Judge of elections West said he might nonetheless bring a power strip with him in case he finds himself with more cords than outlets.
“Before it was just the voting machine. Now it’s the voting machine, the printer that’s attached to the electronic poll book, and then the electronic poll book itself. It’s a lot,” West observed.
Even if there aren’t enough plugs for every device, voting should still be able to proceed, Custodio said.
The tablets, routers, and voting machines all have batteries. As a precaution during this first-time use of e-poll books, the commissioners also printed out paper poll books as an emergency fallback.
If the printers aren’t plugged in, voters can insert blank slips into the voting machines and then select their “ballot style” — that is, their division and party — on the screen, Custodio said.
A rocky technological road
The move to electronic poll books is the latest step in the long evolution of the city’s voting technology.
Judge of elections Bolton recalls overseeing the “big green machines” with levers that were used through much of the 20th century. In the 1990s, the city switched to direct-recording electronic machines, or DREs, which had buttons and stored votes on removable memory cartridges.
The DREs didn’t create paper records, however, and state and local officials wanted to upgrade following the Russian meddling that occurred during the 2016 presidential election.
It was a rough transition. The new machines, ExpressVote XLs, had problems at many Philadelphia polling locations, such as hypersensitive touchscreens, paper jams, and panels opening to expose electronic controls. Officials said the problems were addressed.
The Green Party’s Jill Stein and other groups critical of the new machines or the procurement process sued to have them decertified, but the suits stalled or failed.
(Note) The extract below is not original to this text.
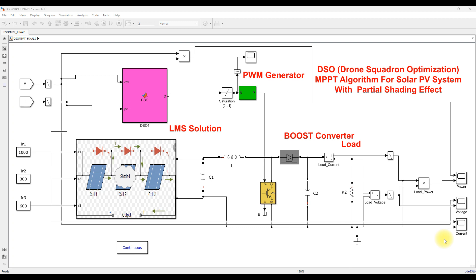Hi viewers, welcome to LMS Solution. Today we are going to see about the new MPPT algorithm, nothing but Drone Squadron Optimization MPPT.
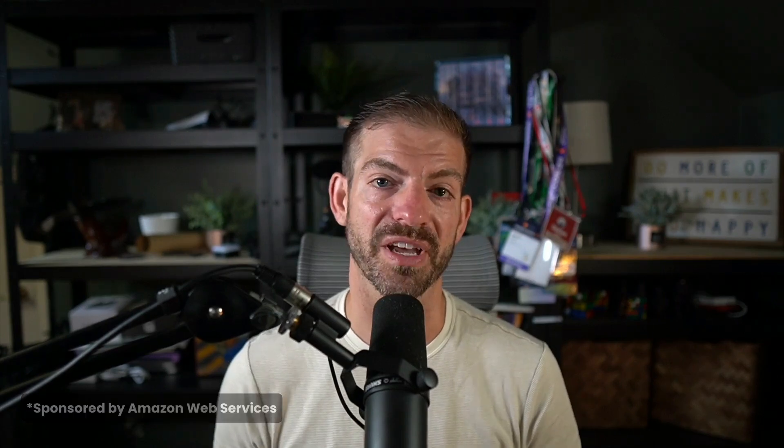Now this video is sponsored by AWS. So thank you to AWS for sponsoring my time to look into another hosting option like Amplify.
In October 2020 someone broke into the City Commissioners’ warehouse in East Falls where the machines are stored and took thumb drives used to program them, along with a laptop belonging to an employee of ES&S, the machine manufacturer. The company and the commissioners said the stolen materials would not compromise the upcoming election.
At this point, Bolton and West said they’re very familiar with ExpressVote XLs, and poll workers have gotten special additional training on the new e-poll books. Now residents just have to get used to them.
“The bigger aspect is going to be how the voters are going to feel, because I don’t think most voters are aware of this. It’s going to be a shock,” West said. “Once that initial shock is done and once everyone’s used to the system, it’s going to be so much faster for everyone.”